> **Work to be completed**
Omit the pictures and reproduce the rest of the listing exactly.

> **Exercise data**
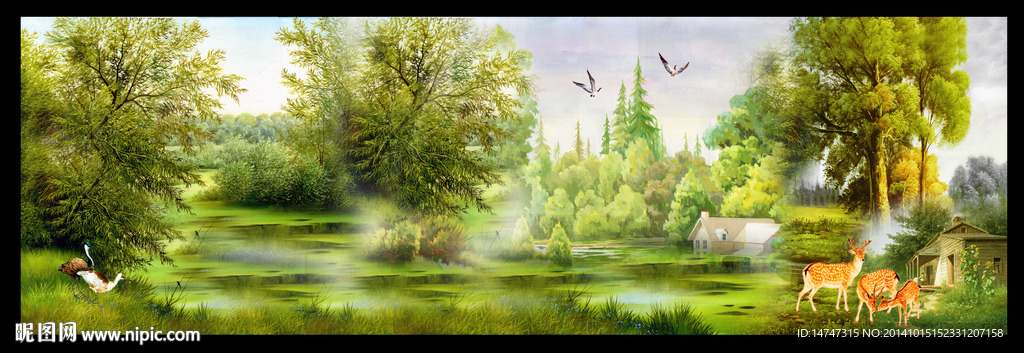 风景油画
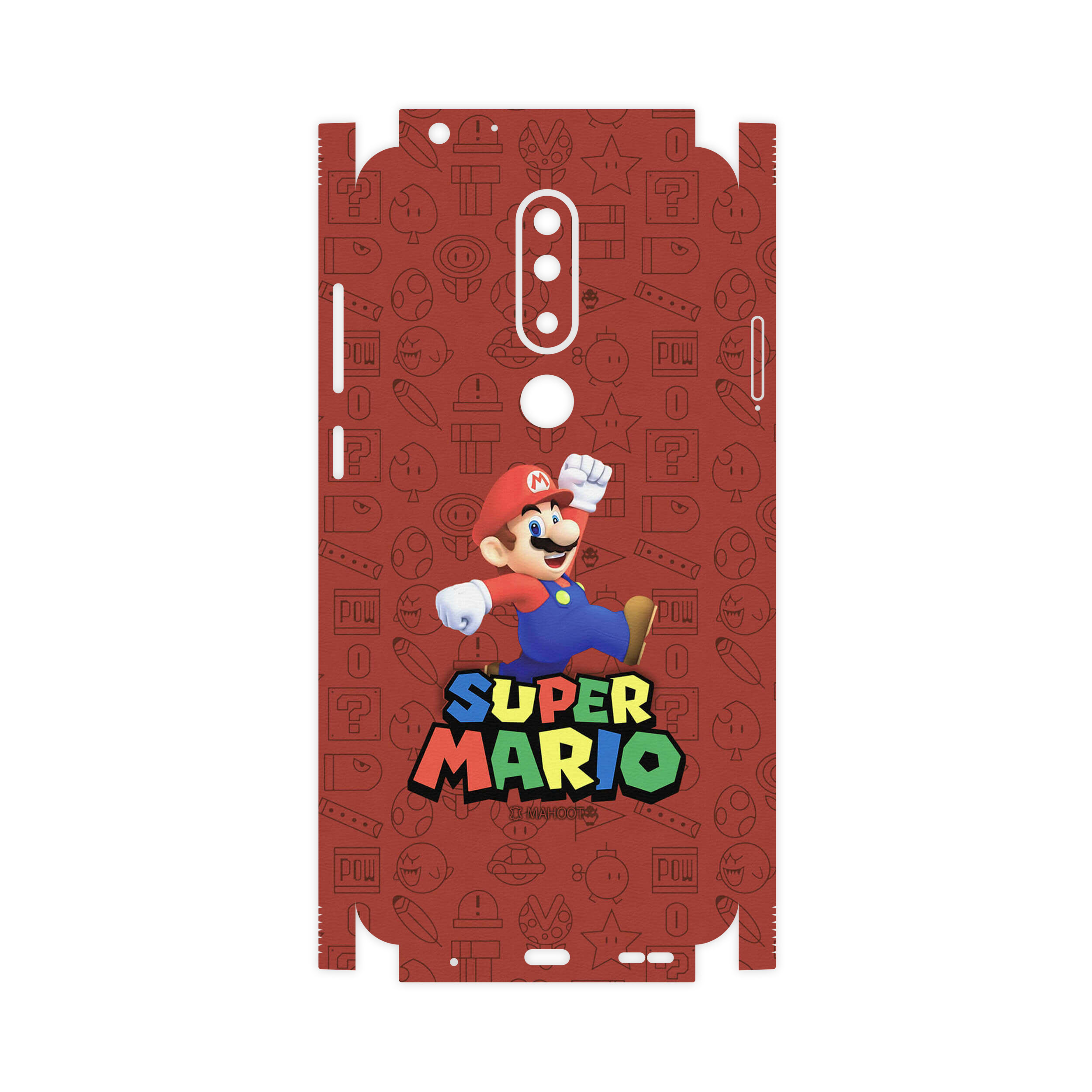 برچسب پوششی ماهوت مدل Super-Mario-Game-FullSkin مناسب برای گوشی موبایل نوکیا 5.1 Plus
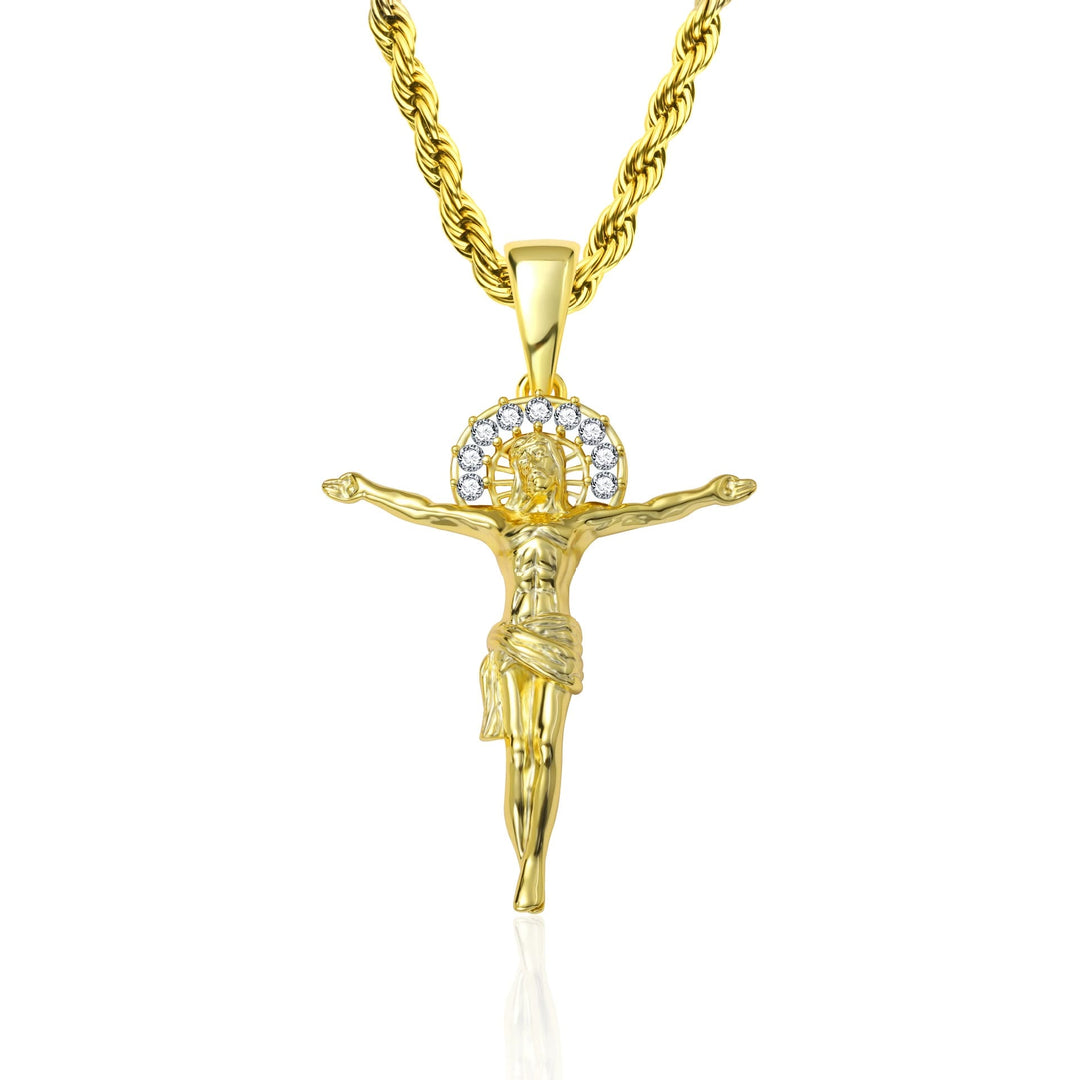 Christianartworkshop Funkelnder Kristall-Halo-Kreuzanhänger: Symbol beständiger göttlicher Gelassenheit - image 4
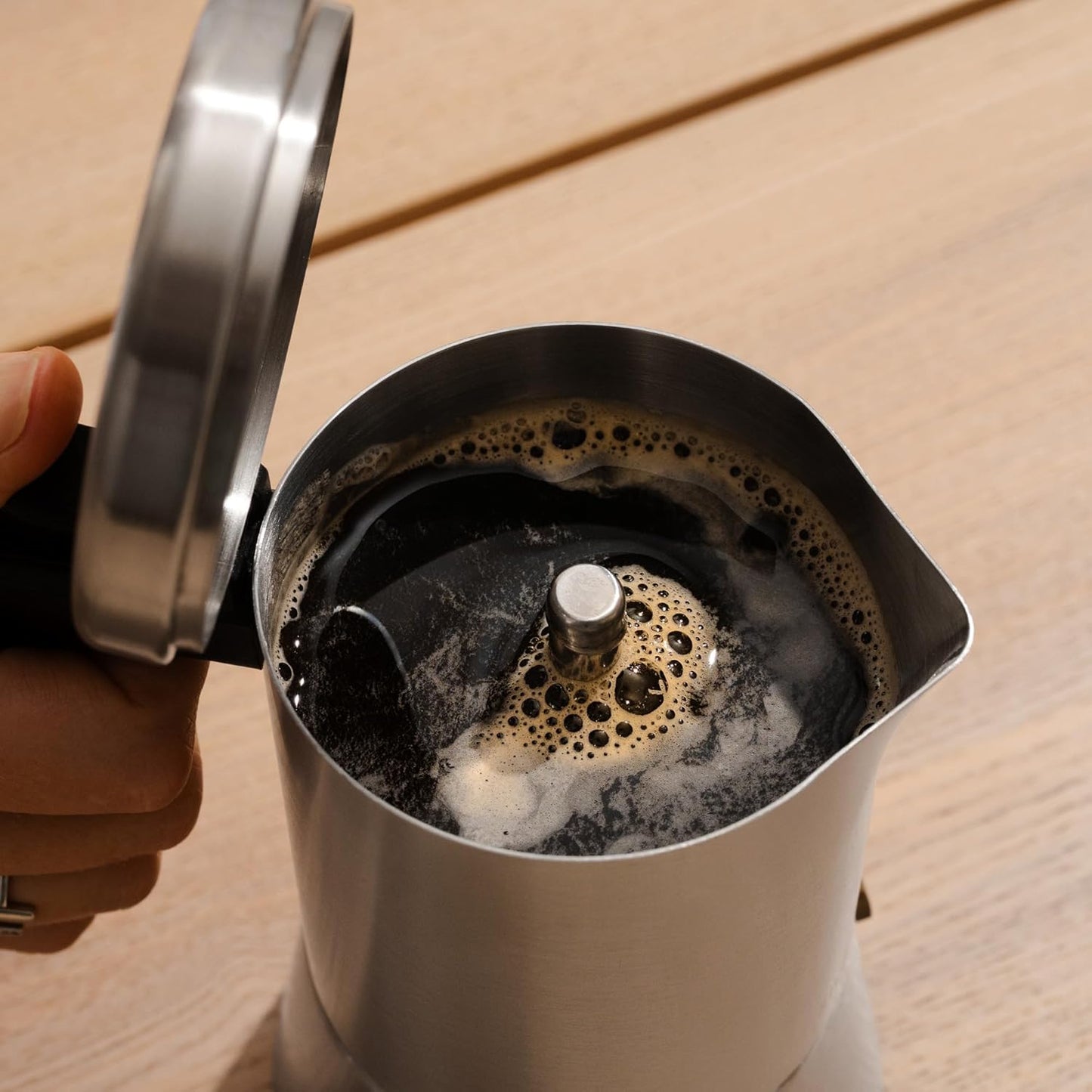Espressokocher mit Milchaufschäumer, 2er Set Espressokocher + Milchaufschäumer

> **Task output**
 风景油画
 برچسب پوششی ماهوت مدل Super-Mario-Game-FullSkin مناسب برای گوشی موبایل نوکیا 5.1 Plus
 Christianartworkshop Funkelnder Kristall-Halo-Kreuzanhänger: Symbol beständiger göttlicher Gelassenheit - image 4
Espressokocher mit Milchaufschäumer, 2er Set Espressokocher + Milchaufschäumer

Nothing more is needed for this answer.